Background: The precise anatomical location of pathology associated with inflammatory back pain (IBP) in early spondyloarthropathy (SpA) remains unclear.
Objective: To use MRI to study the sacroiliac joint (SIJ) and lumbar spine (LS) and explore the relationship between sites and extent of inflammation and HLA-B27 status over 12 months.
Methods: 54 patients with IBP; median duration 24 weeks (54% HLA-B27 positive; median Bath Ankylosing Spondylitis Disease Activity Index (BASDAI) 5.65) and 22 control subjects (11 with mechanical back pain; 11 volunteers) were recruited and 63% (n = 34) were reassessed at 1 year. Fat saturation and T1-weighted MRI was performed with images being scored for active bone marrow oedema (BMO) lesions representative of inflammation.

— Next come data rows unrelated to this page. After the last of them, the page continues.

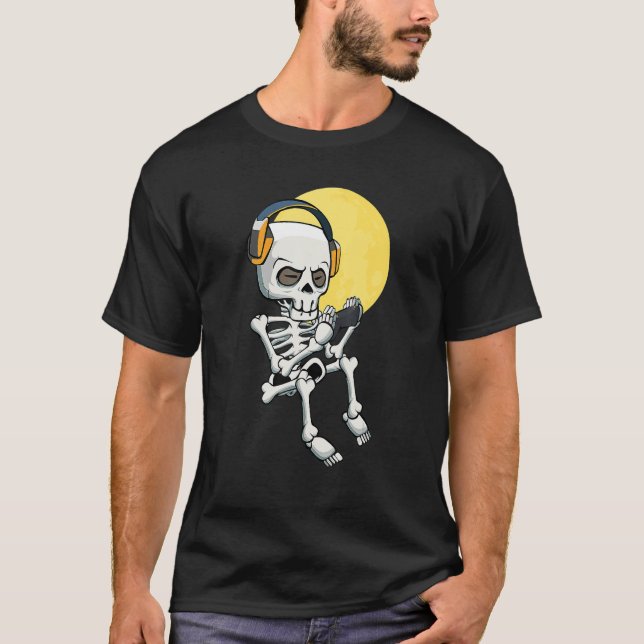 Camiseta Skeleton Gamer Lazy Halloween Disfraces Video de j (Anverso)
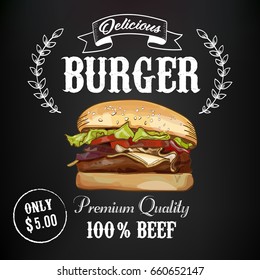 Burger advertising poster design with hand drawn graphic elements on the chalkboard background. Hamburger vector illustration.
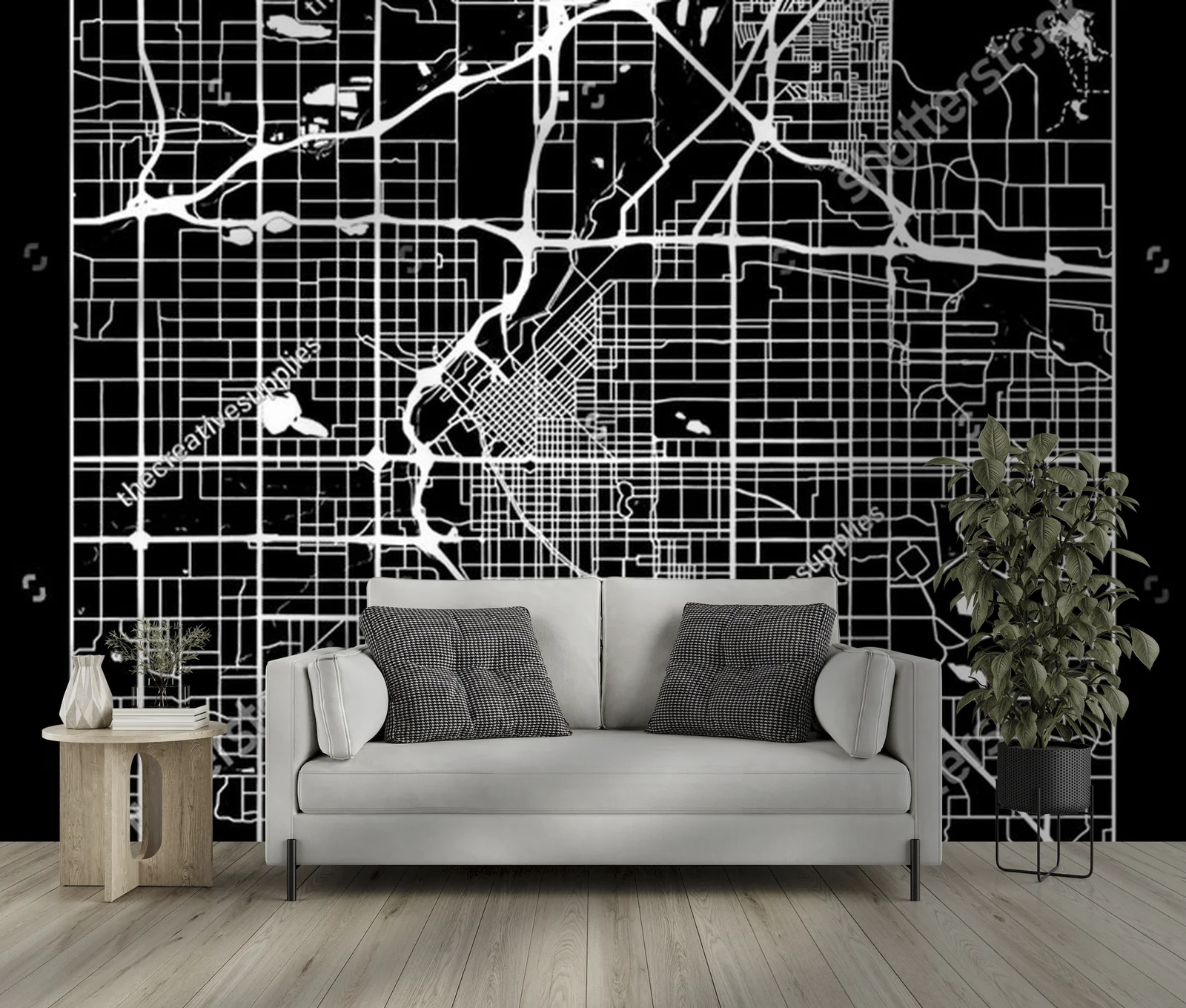 Nowoczesna czarno-biała mapa Denver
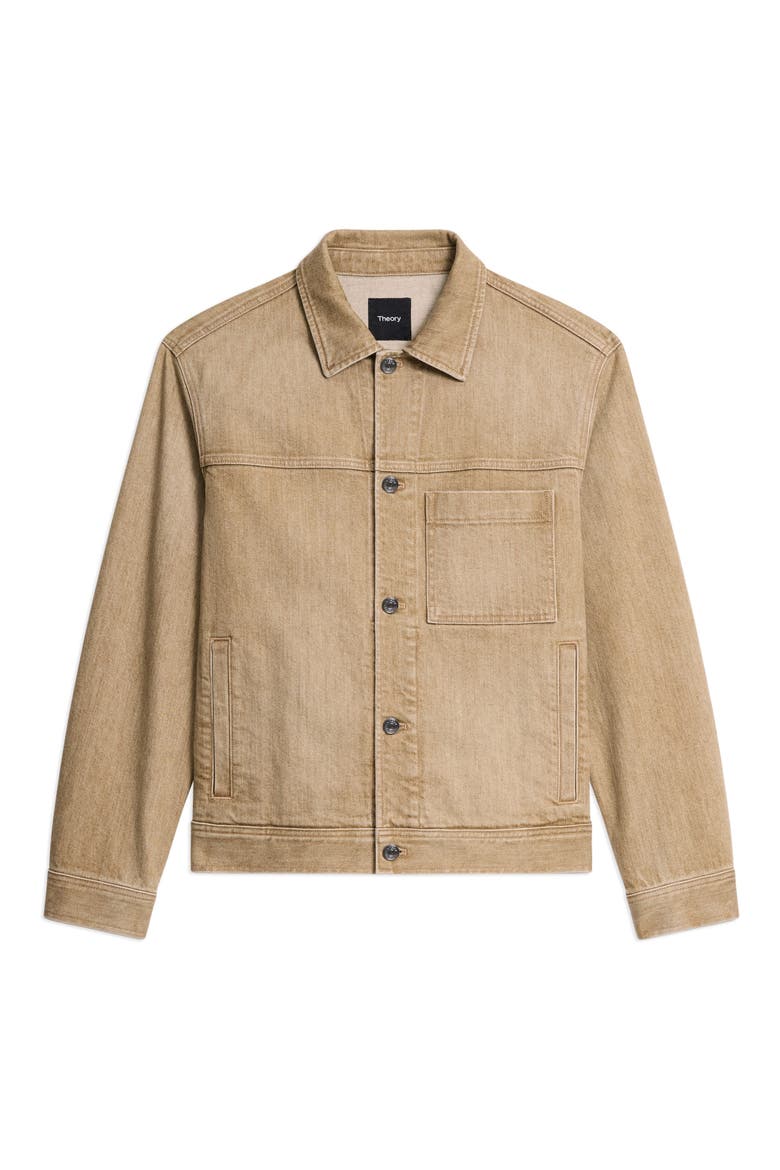 Tinted Denim Trucker Jacket, Alternate, color, WASHED BROWN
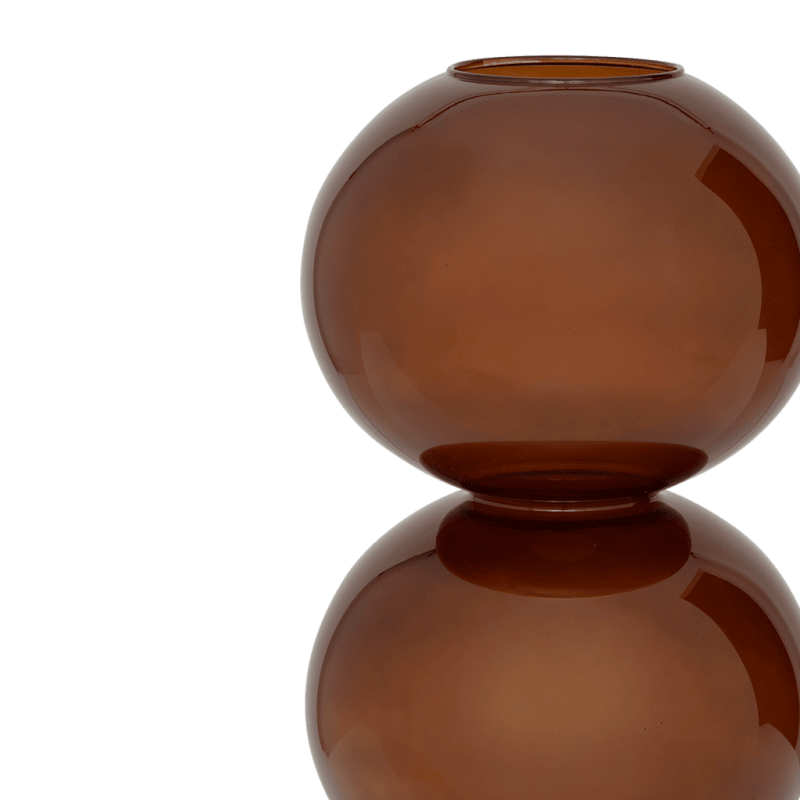 Vase double boule en verre recyclé brun ambré Ø23x38 cm Yuki Urban Nature Culture - 4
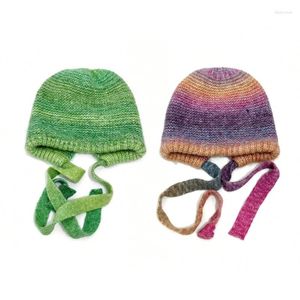 Berets Mulheres Inverno Peruano Capa Orelhas Beanie Hat Ear Flap Sherpas Ski Snow Hats Tricotado Colorido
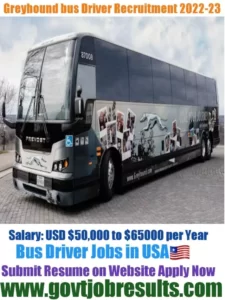 Greyhound Bus driver Recruitment 2022-23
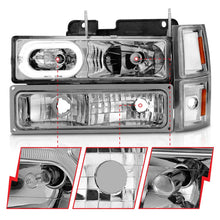 Load image into Gallery viewer, ANZO 88-98 Chevrolet C1500 Crystal Headlights Chrome Housing w/ Signal and Side Marker Lights - Back View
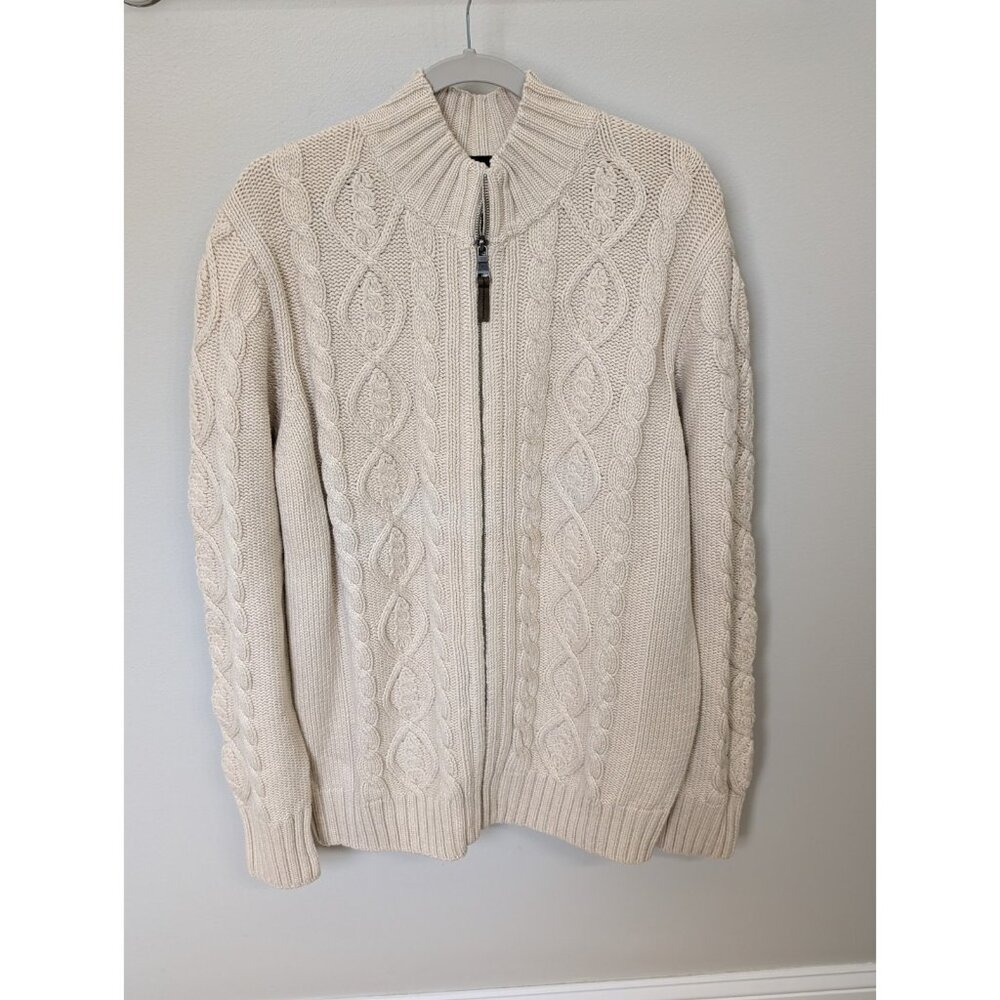 Vtg Bailey's Mens XXL Full Zip Fisherman Cable Knit Merino Wool Blend Sweater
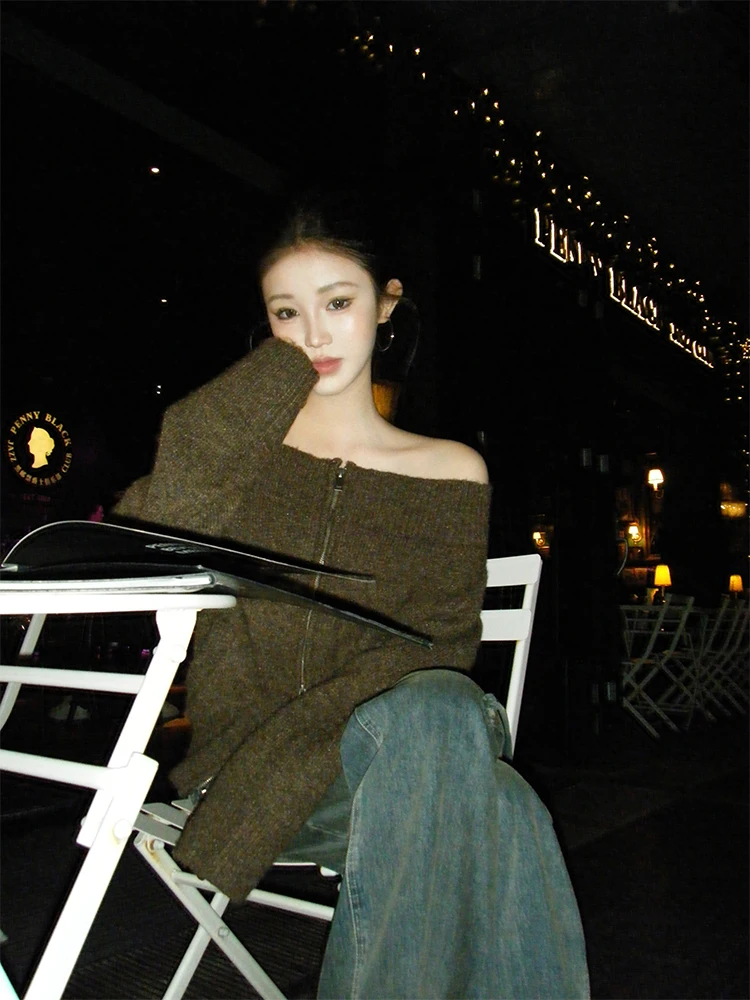 

Стильный вязаный свитер с открытыми плечами для женщин, в прохладных тонах, осенне-зимний, новый, универсальный, свободного кроя, с длинными рукавами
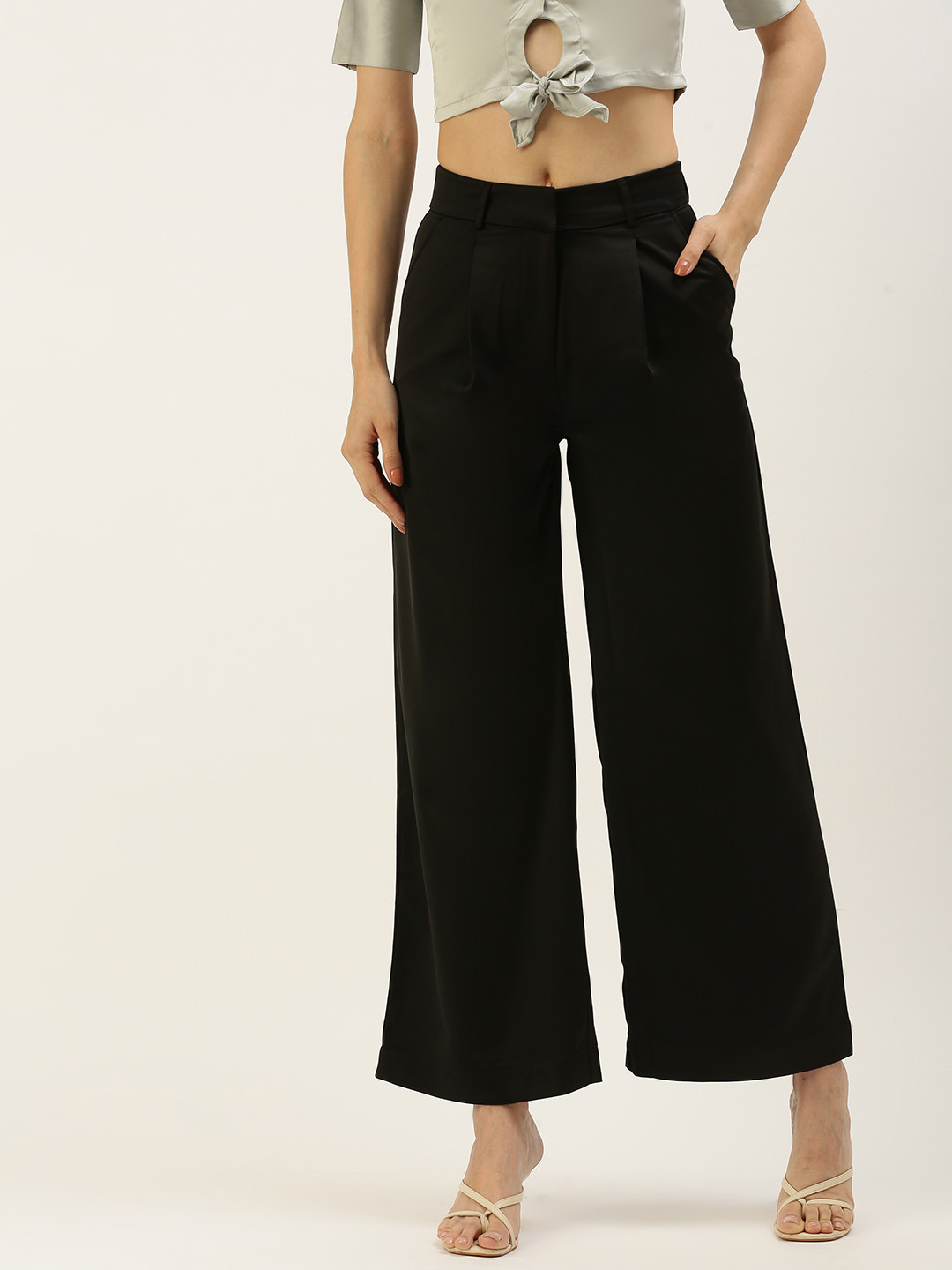 FOREVER 21 Women Black High-Rise Trousers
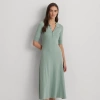 Ralph Lauren Cotton-blend Polo Dress In Soft Laurel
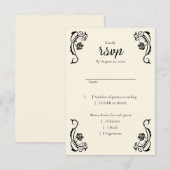Medieval Royal Rozen Wedding RSVP Kaart (Voorkant / Achterkant)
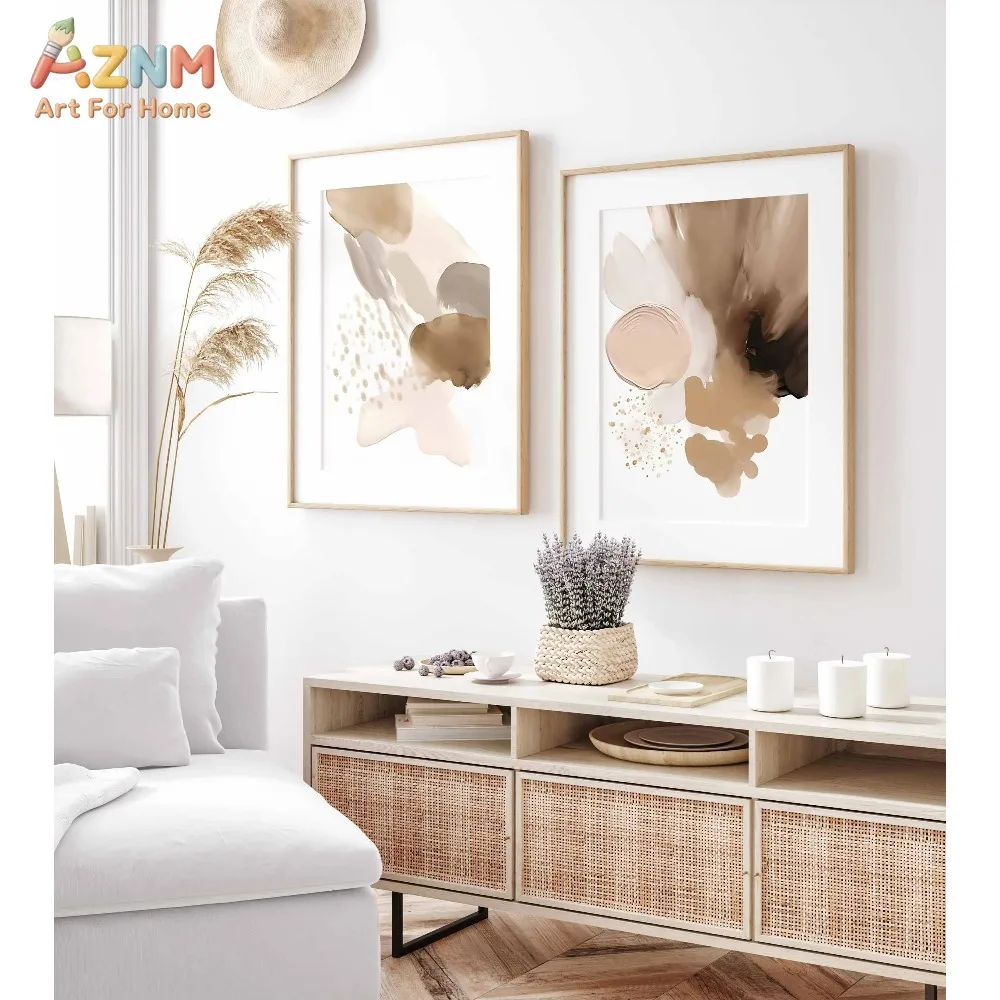 AZNM  Neutral Brown Watercolor Abstract Canvas Wall Art, Blush Ink Splash Gold Dot Print Frameless Canvas Painting, Minimali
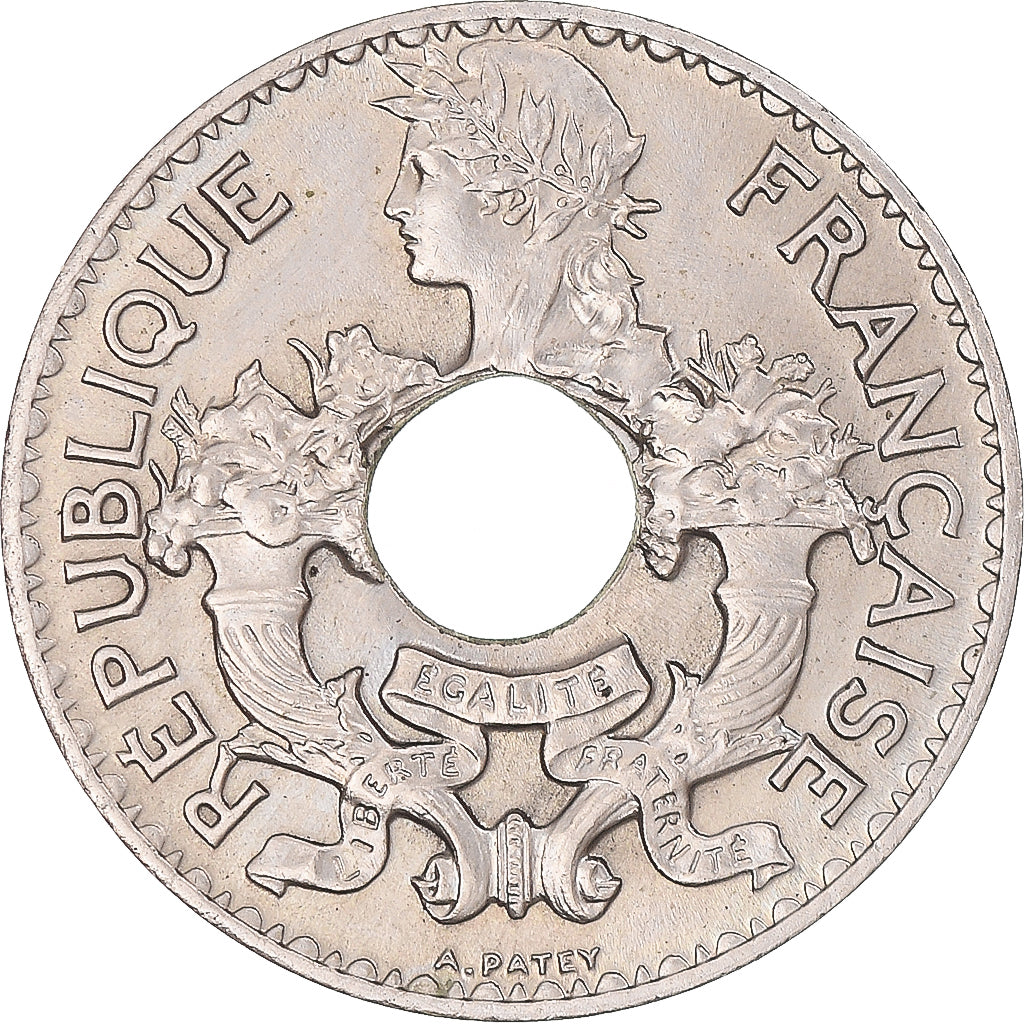French Indo-China, 5 Cents, 1938, Paris, Copper-nickel, AU(55-58)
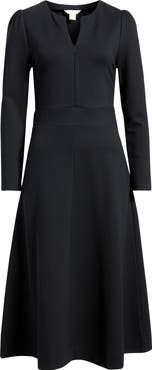 Caslon® Half-Zip Long Sleeve Ponte Midi Dress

Results: At baseline 46/54 (85%) patients had BMO (SIJs and LS) compared with 40% in the control group. The majority of affected patients had inflammation at the SIJ level (96% (n = 44); 23.5% (n = 12) LS) and 28.3% (n = 13) at both sites simultaneously. The SIJ activity score confirmed more severe inflammation (BMO grade 2 or 3: 52.2%) in the IBP group (controls = BMO grade 1: 100%; p<0.001). HLA-B27 was associated with both the severity (p = 0.009) and number of baseline SIJ lesions (p = 0.045) and with persistence (SIJ or LS) at 1 year (p = 0.02). 90% of reattenders fulfilled European Spondyloarthropathy Study Group criteria; 73.5% showed MRI inflammation despite clinical improvement (median BASDAI 5.65 to 3.05; p<0.009).
Conclusion: LS and SIJ involvement may occur simultaneously in very early SpA and may be differentiated from non-inflammatory back pain by the severity of MRI lesions. HLA-B27 is associated with both the severity of osteitis and its persistence.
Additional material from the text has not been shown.